- **THE PROBLEM**: Without including any pictures, reproduce all the lines below word for word.

Data records:
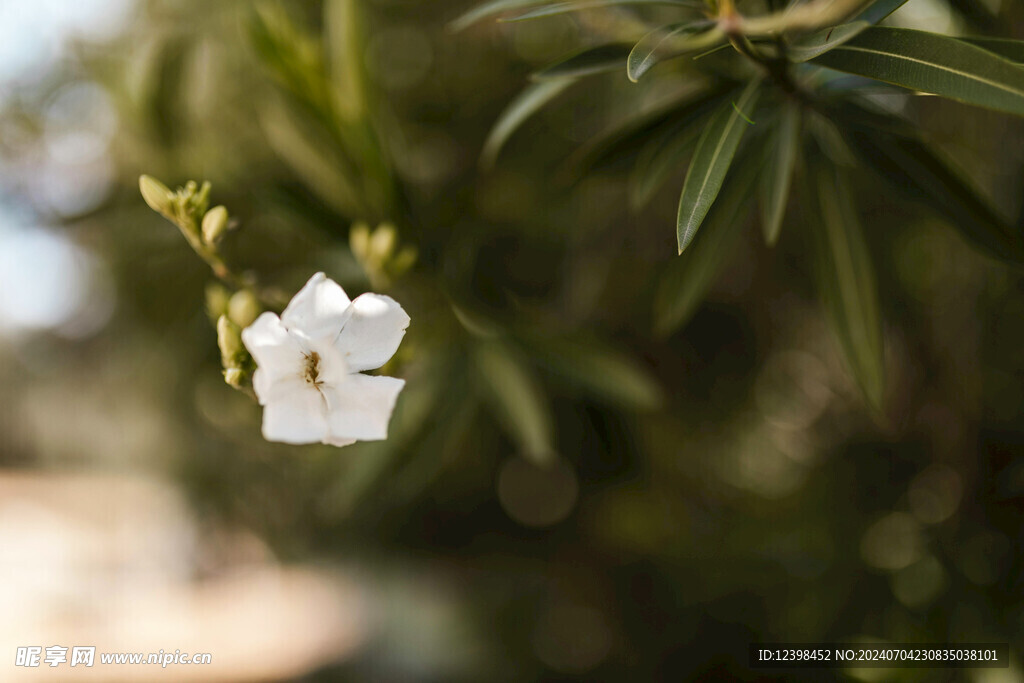 茉莉花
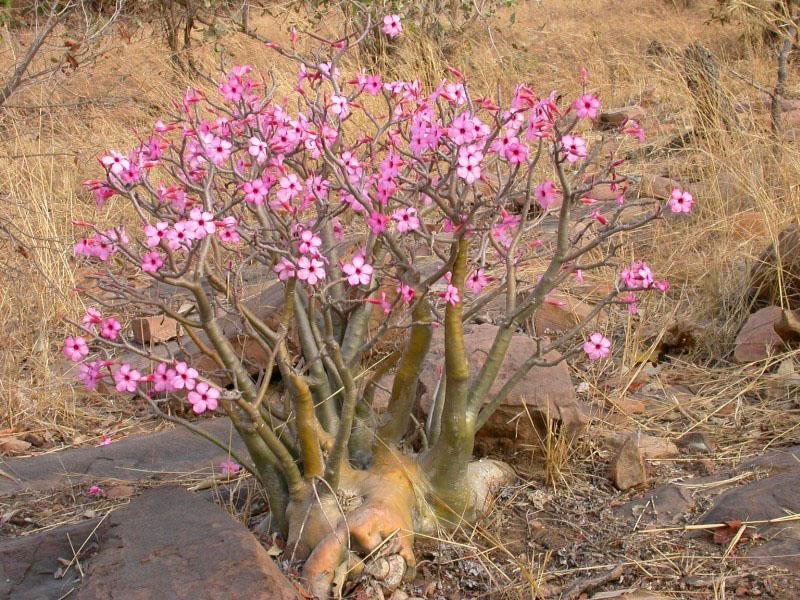 adenium obeso en la naturaleza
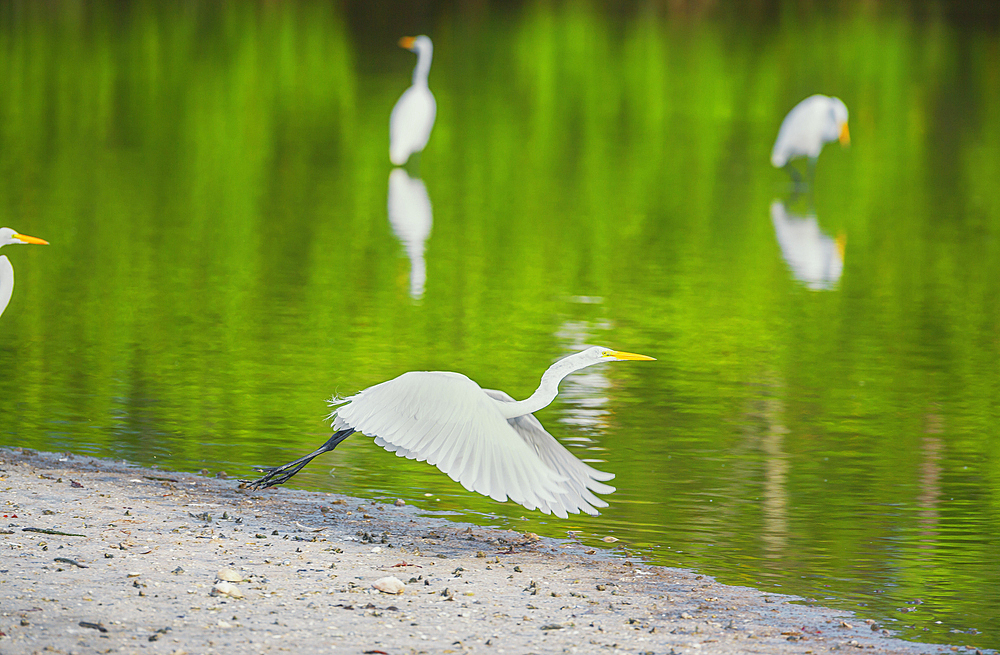 Great white egret (Ardea alba) in flight, Sanibel Island, J.N. Ding Darling National Wildlife Refuge Florida, USA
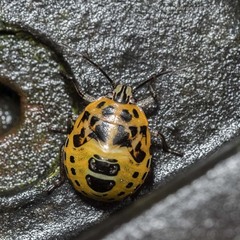 Antestiopsis anchora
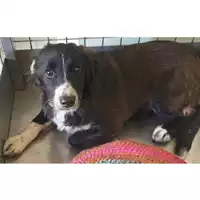 Foto dell\'animale cane - Matr. 2024/0605 - Microchip 380260044997703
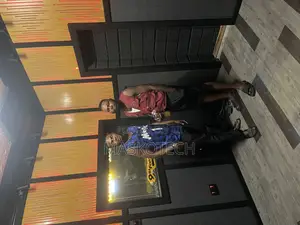 Acoustic Panels and Diffusers in Abuja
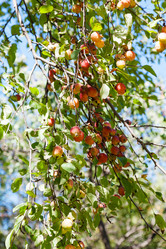 Similar image 8269830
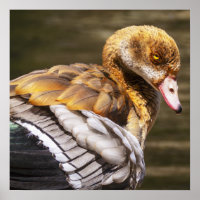 Ägyptische Gans-Wandkunst | Tiervogel-Druck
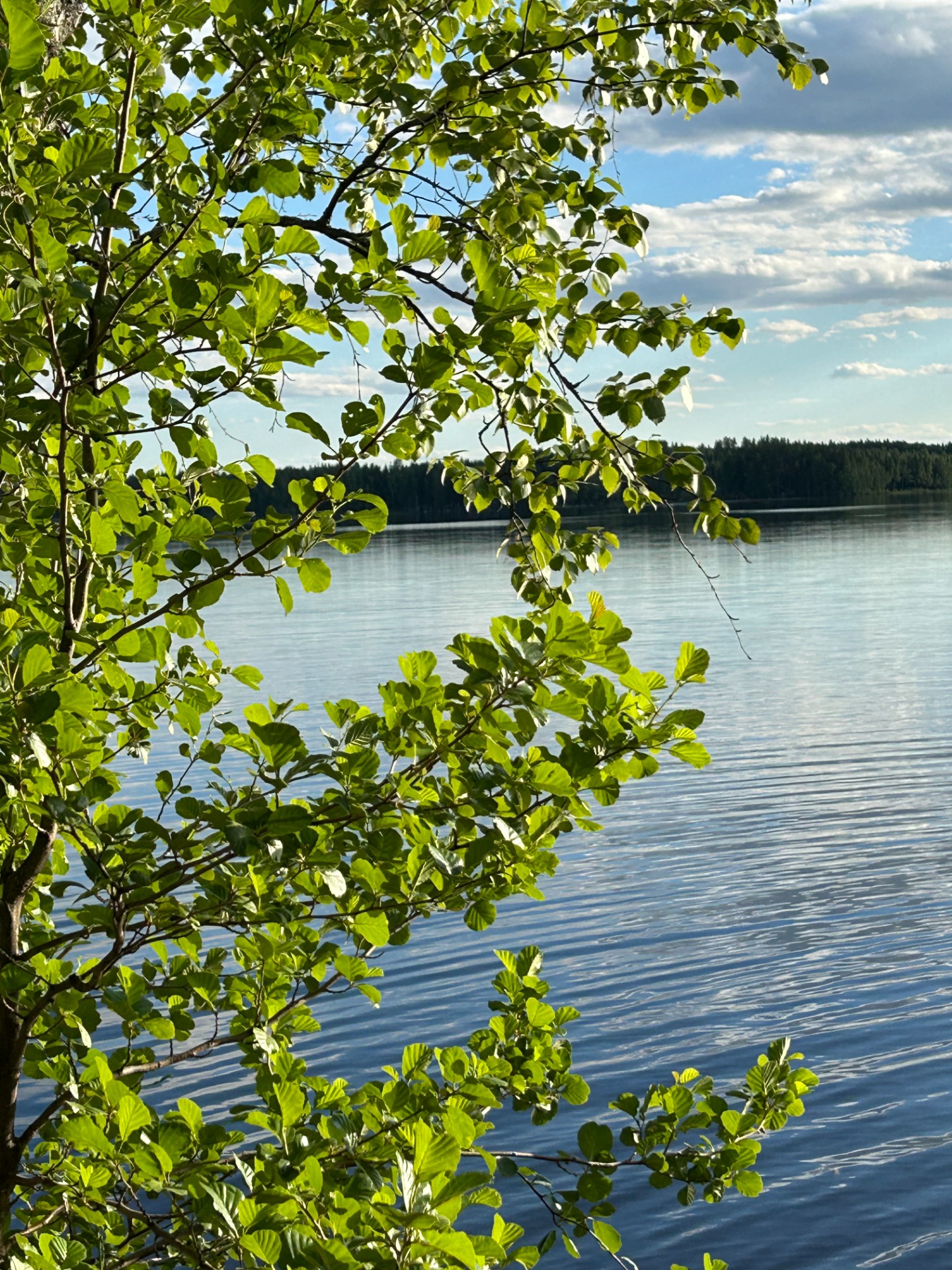 Kesä 2026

- **RESULT**:
 茉莉花
 adenium obeso en la naturaleza
 Great white egret (Ardea alba) in flight, Sanibel Island, J.N. Ding Darling National Wildlife Refuge Florida, USA
 Antestiopsis anchora
 Foto dell\'animale cane - Matr. 2024/0605 - Microchip 380260044997703
 Acoustic Panels and Diffusers in Abuja
 Similar image 8269830
 Ägyptische Gans-Wandkunst | Tiervogel-Druck
 Kesä 2026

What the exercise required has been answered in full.